Edge can’t be uninstalled normally on Windows 11 — Microsoft locks that down. But you can reinstall over it from the official site.
1 – Open another browser. Even a fresh Chrome works.
2 – Search download Microsoft Edge and grab it from the official Microsoft page.
3 – Run the installer. It’ll reinstall Edge over the broken copy.
4 – Restart your PC.
5 – Try launching Edge.
Combined with deleting the User Data folder first, this fixes pretty much everything.
Fix 6 – Disable Edge Background Apps
If Edge is the kind that’s stuck in the background and won’t open a window, this stops it from auto-starting.
1 – Open Edge Settings (you might need to launch from a working profile first).
2 – Click System and performance in the left sidebar. Go to the System settings,
3 – Find Continue running background extensions and apps when Microsoft Edge is closed.
4 – Toggle it Off.
5 – Also toggle off Startup boost while you’re there.
Now Edge won’t sit in the background when closed.

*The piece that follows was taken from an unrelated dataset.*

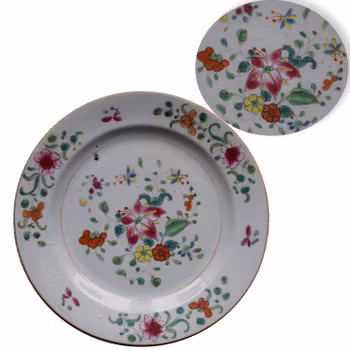 A antique Chinese famille rose plate, period of Qianlong, 18th Century #367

Cleaner that way.
How to Prevent This
- Don’t force-shutdown your PC if Edge is open. That’s how Local State files get corrupted.
- Turn off Startup boost and background apps in Edge settings. Less chance of leftover processes blocking new launches.
- Disable extensions you don’t actively use. They’re a top cause of mystery crashes.
People Also Ask
How do I stop Microsoft Edge from running in the background?
Open Edge settings. Go to System and performance. Toggle off Startup boost and Continue running background extensions when Edge is closed. Done. Edge will stop sitting in your tray after you close it. You’ll lose a few seconds on cold start, but background junk goes away.
What does Ctrl + F5 do in Edge?
It forces a hard refresh of the current webpage on your browser. Bypasses the cache. Useful when a website is showing stale content or broken styling. Regular F5 reloads from the cache. Ctrl + F5 fetches everything fresh from the server. Same thing as Shift + Reload in most browsers.
Will deleting the Edge profile delete my bookmarks?
Local bookmarks? Yes. But, your cloud-synced bookmarks are saf. Sign back in after the fresh profile loads — they come right back. Worth checking sync status before nuking the profile.